Anche se la gestione dei piloti non è materiale per il lavoro di un direttore tecnico già normalmente oberato da questioni di enorme portata, Allison conferma indirettamente che il team, in continuità col passato, non intende stravolgere il modello a “due attaccanti”. Se Red Bull rappresenta il paradigma da seguire su aspetti tecnici e organizzativi non lo è per l’amministrazione dei conducenti che devono ottenere e percepire medesimo supporto tecnico.
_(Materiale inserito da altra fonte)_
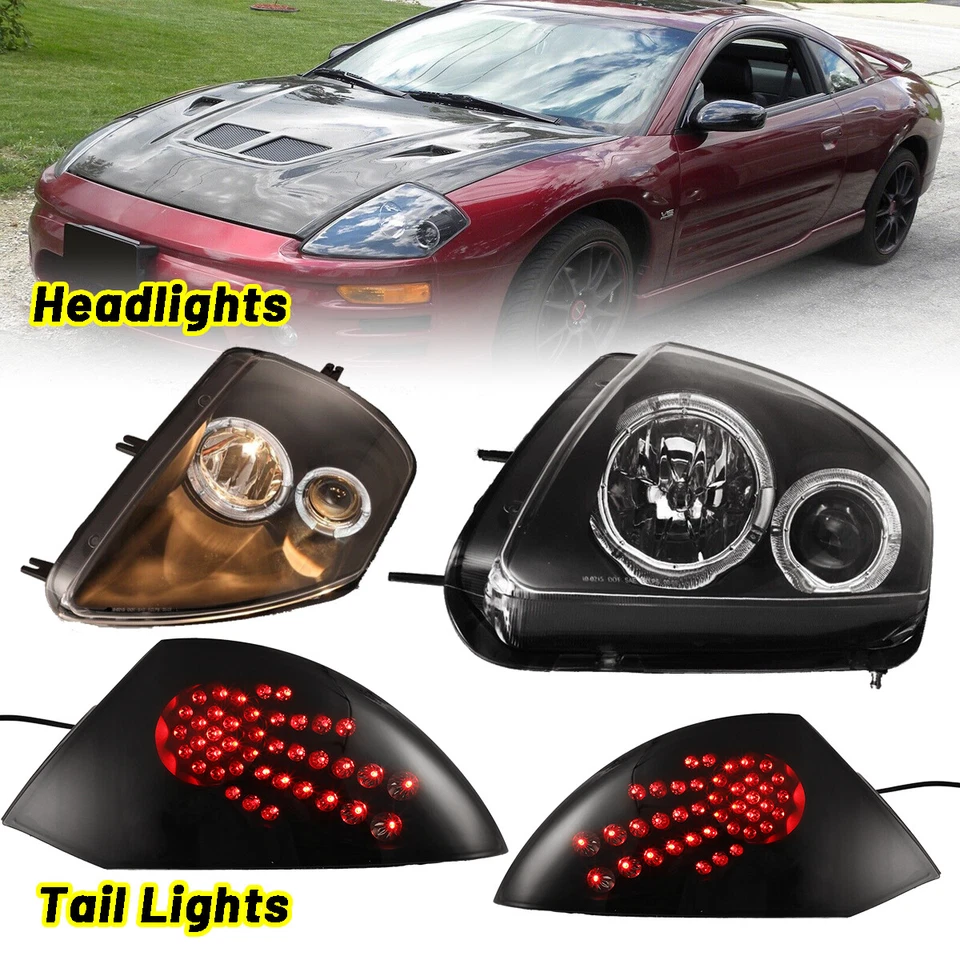 Headlights + LED Tail Lights Set For 2000-2005 Mitsubishi Eclipse Projector Lamp Foto 1 de 4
A Milton Keynes il materiale offerto a Verstappen e Perez è perfettamente identico, ma sarebbe stupido non certificare che l’olandese è al centro del progetto. Cosa che determina anche la parabola di sviluppo che il team traccia, come hanno spesso ammesso Pierre Waché, Paul Monaghan e altri illustri esponenti della compagine austriaca. A Brackley questo non si verifica, le indicazioni dei driver vengono usate alla stessa maniera e parimenti si prova a costruire un mezzo che esalti lo stile di entrambi.
Questa verità si riverbera anche nella gestione delle cose di pista visto che i due sono lasciati liberi di duellare entro regole d’ingaggio comunque chiare che non vanno infrante come accaduto, ad esempio, in Qatar. Un episodio sporadico dal quale non è scaturito alcun caso considerando le pronte scuse del sette volte iridato. Mercedes, quindi, si affida anche ai suoi piloti, alle loro capacità di collaborare in sede tecnica, per venir fuori dalle sabbie mobili nelle quali lotta da due anni.